The Department of Families (Ministère des Familles; also known as Manitoba Families) is the Manitoba Government agency responsible for family-related programs and services in the province of Manitoba.

The department was created on 3 May 2016 by the newly elected government of Brian Pallister, combining the responsibilities of the former Departments of Family Services and of Housing and Community Development into a single unit.

In 2021, Rochelle Squires became the Minister of Families (Ministre des Familles), replacing Minister Heather Stefanson. The department also includes the Minister responsible for the Status of Women.

==Department history==
The two-year process of preparing a new Child Welfare Act for Manitoba begun in 1922, partly in response to the Manitoba Social Service Council's call to the provincial government:

that the Government of Manitoba take early steps to establish and adequately support a Child Welfare Department for the province, shaped on modern lines and provided with facilities which will make possible proper classification of the children cared for, efficient supervision of them all, and a comprehensive survey of the needs of the province in this most important of all fields.
— D. B. Harkness (March, 1920), "General Report of the Executive of the Social Service Council of Manitoba," Social Welfare Journal 2

The Government created the new Department of Public Welfare in 1924 and added it to the existing responsibilities of the Minister of Education. Between 1928 and 1961, it was known as the Department of Health and Public Welfare, followed by the Department of Welfare in 1961. In 1990, it was renamed to the Department of Family Services, and in 1999, the Department of Family Services and Housing. In 2009, the name was changed to Family Services and Consumer Affairs. In 2012, the department became Family Services and Labour. In 2013, the department returned to the name Family Services.

In 2016, the department name was changed to the Department of Families.

== Minister of Families ==

The Department of Families in Manitoba is overseen by the Minister of Families (Ministre des Familles), which was assigned to Nahanni Fontaine in 2023, replacing former Minister Rochelle Squires.

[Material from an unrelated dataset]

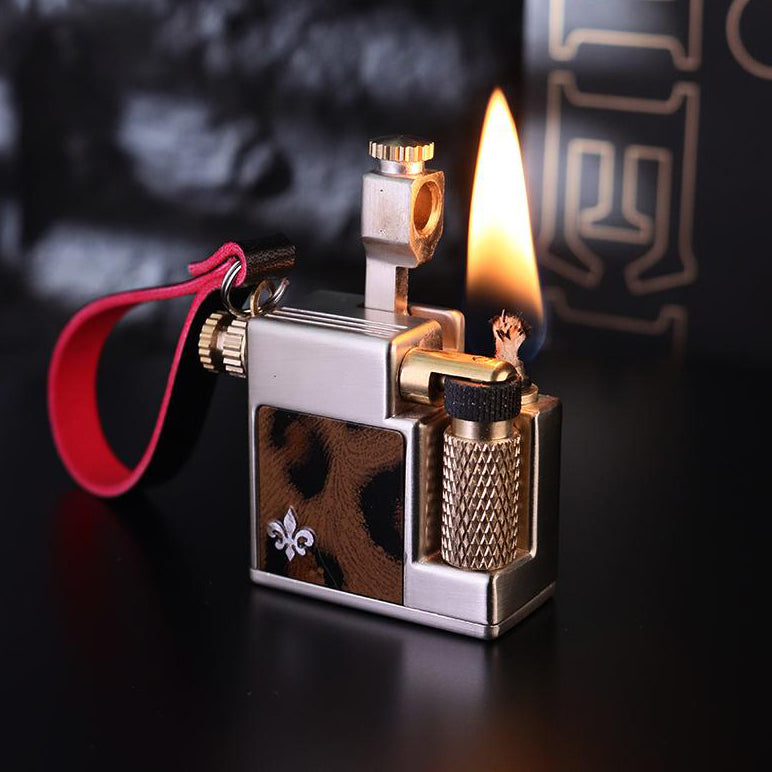 Retro mechanical design kerosene lighter mini compact full metal body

In 1990, the Minister of Family Services is a cabinet position in the Government of Manitoba. In 1999, the responsibilities of this portfolio were assigned to the new Minister of Family Services and Housing.

The position of the Minister of Family Services and Housing was created in 1999, incorporating the responsibilities of the former Minister of Family Services and Minister of Housing. In 2009, the responsibilities of the portfolio were split into Family Services and Consumer Affairs and Housing and Community Development following the announcement of Premier Greg Selinger's new cabinet in 2009.

The Minister of Family Services and Consumer Affairs, which was created in 2009, would have its portfolio's functions redistributed in 2012 between the Minister of Family Services and Labour and the Minister of Healthy Living, Seniors and Consumer Affairs.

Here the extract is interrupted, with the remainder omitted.